Non c’è alcun allarme lupo. A dirlo non è il WWF ma gli esperti del Large Carnivore Initiative for Europe della IUCN che hanno redatto i criteri scientifici per classificare gli eventuali lupi problematici: sulla base di questi criteri, nessuna delle situazioni finora registrate in Italia è motivo di allarme.

La notizia che il ministero dell’Interno avrebbe inviato ai prefetti di Trento e Bolzano e al presidente della Valle D’Aosta una comunicazione in cui si apre agli abbattimenti dei lupi, se confermata, sarebbe un attacco gratuito ed ingiustificato ad una specie fondamentale per la natura d’Italia.

Questa circolare sarebbe una scelta ancora più incomprensibile anche alla luce dell’annuncio del nuovo Piano Lupo, che non prevede gli abbattimenti tra le azioni di gestione e che sembra essere arrivato in dirittura d’arrivo.

Non vorremmo, quindi, che si trattasse dell’ennesima mossa propagandistica sulle “pelle del lupo”, visto che il numero di lupi e dei danni legati alla loro gestione in Trentino Alto Adige continua ad essere estremamente limitato (come riportato anche da più fonti giornalistiche 38 in Trentino e 13 in Alto Adige).

Le specie simbolo della natura e della biodiversità italiana non possono continuare ad essere esposte ai ricatti di quei poteri locali che non vogliono attuare misure di prevenzione opportune, in spregio anche alle migliaia di allevatori che ogni giorno faticano per rendere possibile una coabitazione pacifica e alla maggioranza degli italiani che si sono espressi per una tutela integrale del lupo.

Enpa, i lupi non sono una emergenza di ordine pubblico. “I lupi non rappresentano emergenza di ordine pubblico: nel 2018, dice Eurac Reserach, in Trentino ci sono state 65 predazioni, con 76.5000 euro di indennizzo.

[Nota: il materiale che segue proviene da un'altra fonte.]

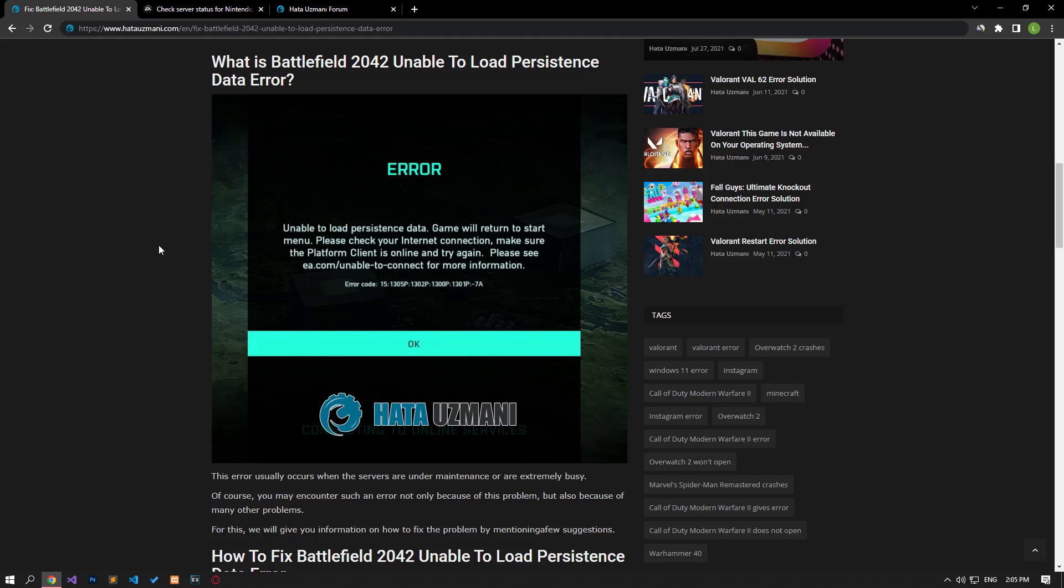Hello everyone, welcome to the Bug Expert channel. In this video, we'll discuss solutions for the Battlefield 2042 'unable to load persistence data' error. This error usually occurs when servers are under maintenance or overly busy. Of course, you may encounter this error not only because of server issues, but also due to many other problems.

Sono invece un preziosissimo equilibratore biologico, perché con la loro attività predatoria mantengono in equilibrio le popolazioni degli altri selvatici. Dunque, non c’è nessuna emergenza, se non quella creata ad arte per guadagnare qualche voto in più alle prossime elezioni”. Lo dichiara la presidente nazionale di Enpa, Carla Rocchi, commentando la circolare del Ministero dell’Interno sui lupi. “Ci chiediamo quale valore potrebbe avere una circolare che sembra voler reintrodurre le uccisioni – aggiunge Rocchi -, dopo il lavoro tanto autorevole e di solide basi scientifiche portato a termine dal ministro dell’Ambiente con il nuovo Piano Lupo”. “Il ministro dell’Interno – prosegue Rocchi – dovrebbe spiegare quali criteri scientifici devono essere utilizzati per definire un lupo come “problematico” o “pericoloso”, visto che, tra l’altro, l’Italia non registra aggressioni da parte di lupi da almeno duecento anni. In pratica dalla morte di Napoleone Bonaparte.

Inoltre è doveroso sottolineare che proprio quei politici che invocano a gran voce lo sterminio del lupo, principale predatore del cinghiale, sono gli stessi che alimentano campagne allarmistiche contro i cinghiali”. “Se anche un solo esemplare dovesse essere ucciso – ha concluso Rocchi -, il nostro ufficio legale è pronto a intervenire con esposti e denunce”.